27 Class 40, 3 Multi 50, 30 Imoca 60, 4350 miles from Le Havre (France) to Salvador de Bahia (Brazil) : these are the numbers of the Transat Jacques Vabre about to start, the last test of the Imoca class before the highly anticipated Vendée Globe 2020-2021.

There will be only two Italians in the regatta, Giancarlo Pedote, skipper of the Imoca 60 Prysmian Group (read our eve interview HERE), and Pietro Luciani, in his second Jacques Vabre, who will co-skipper with Catherine Pourre on the Class 40 Earendil. The top of the world’s ocean sailing will compete on the water, and of course the lights are on the Imoca 60s who are also going for a possible course record. On the other hand, it is difficult to immediately aim for the 24-hour mile record, as the route does not have particularly favorable weather conditions except along the coast of Portugal, but never say never.


Charal with his edge foils

The level on the water is simply sidereal, with 5 new designs on the starting line and many penultimate generation Imocas that have upgraded foils increasing their performance by at least 20%. The new projects are Hugo Boss (Alex Thomson paired with Neal Mc Donald), Charal (Jérémie Beyou paired with Christopher Pratt), Apivia (Charlie Dalin paired with Yann Elies, Arkea Paprec (Sebastien Simon and Vincent Riou), and Advens (Thomas Ruyant with Antoine Koch, boat built by Persico Marine of Italy).

Arkea Paprec

The favorites? We say on paper Charal, because it is the new Imoca that has been sailing the longest. One step backward all the others, who will have to test tightness first and for this reason are unlikely to be able to express their full potential.
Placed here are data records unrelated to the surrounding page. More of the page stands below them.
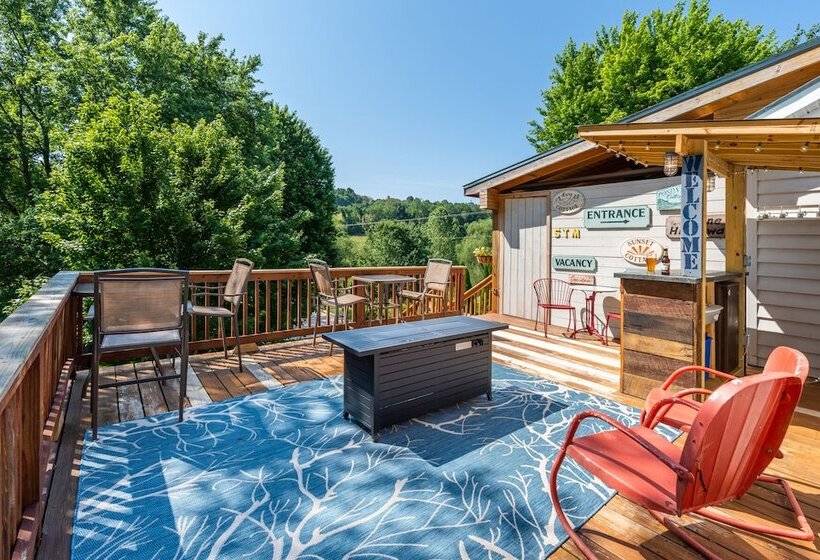 ベッドアンドブレックファースト Steeles Tavern Manor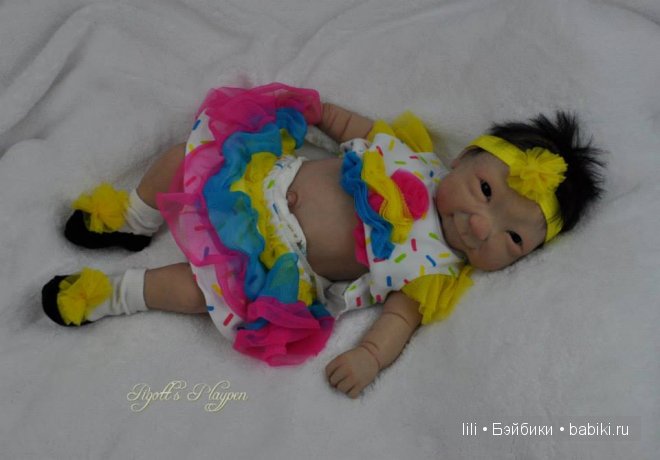 Силиконовая малышка Jia от Jorja Pigott - теперь еще смешнее
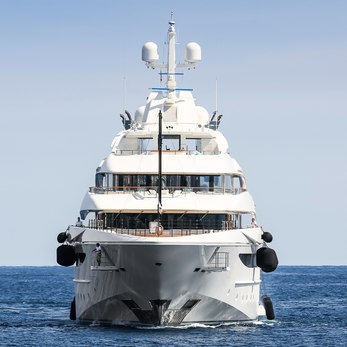 Mimtee yacht exterior 2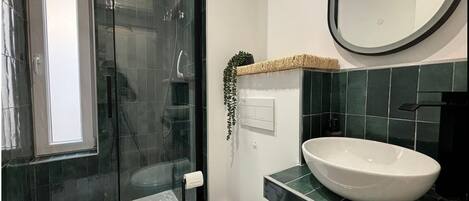 Dusj, hårføner, håndklær og såpe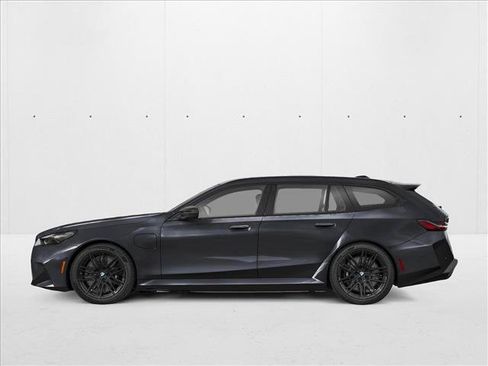New 2027 BMW M5 Touring AWD/4WD image 3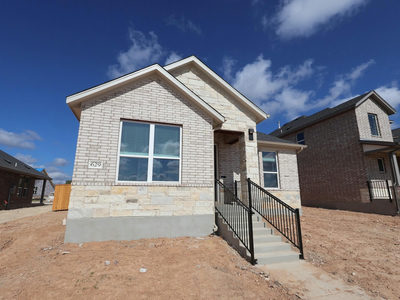 629 Clarissa St — photo 3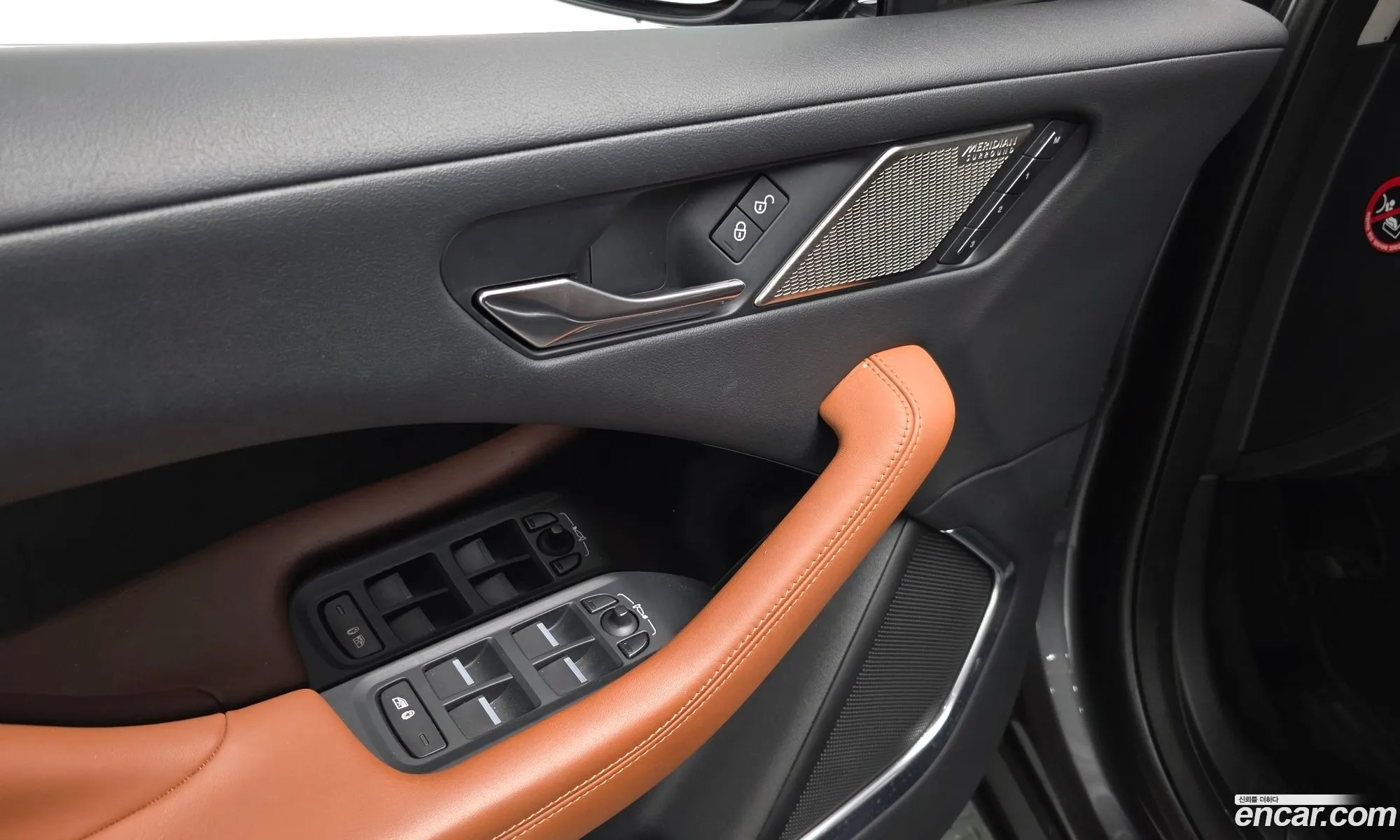 Jaguar I-Pace 2020 — 13
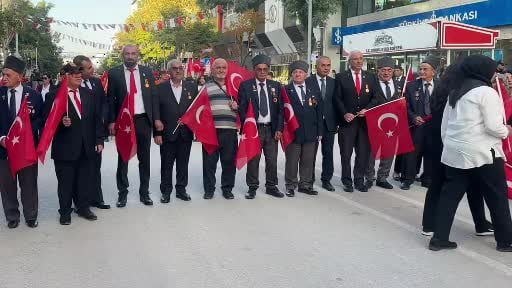 Burdur'da 19 Eylül Gaziler Günü dolayısıyla Kahramanlarla Kardeşlik Yürüyüşü düzenlendi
The new designs have been oriented, although with appreciable differences on some choices from boat to boat, on four general trends: XXL-sized foils (double-edged variant for example those of Charal, round and almost C-shaped those of Hugo Boss), exaggerated deck flaring to maximize aerodynamic trim and reduce turbulence on the headsails, volumes in the lower part of the bow increasingly powerful, cockpits increasingly covered to increase skippers’ comfort. A dry skipper is in fact also more efficient and polished, thus faster.


Ian Lipinski’s Class 40 Credit Mutuel, perhaps the most extreme of the fleet

Between class specialists and newcomers from the Mini 650 world, even among the Class 40s the technical level will be very high. Even on these boats, the widespread trend is to create increasingly powerful bow volumes, practically scow, and almost all new designs have followed this path. Eyes on Ian Lipinski (winner of two Mini Transats) and Adrien Hardy aboard Crédit Mutuel (boat designed by that David Raison who introduced scows to the Mini world). But also look out for Banque du Leman with Simon Koster and Valentin Gautier (2019 Sam Manuard project), Beijaflore by William Mathelin and Marc Guillemot, Lamotte by the pair Luke Berry and Tanguy Le Tourquais (2018 Manuard project), and Leyot with Sam Goodchild and Fabien Delahaye.

Multi 50

Three trimarans are competing; there are no newly launched boats; the most recent, from 2017, is Solidaires en Peloton by Thibaut Vauchel and Fred Duthil (photo). But watch out for the well-trodden Gilles Lamiré and Antoine Carpentier on Groupe GCA and Sebastien Rogues with Matthieu Souben on Primonial.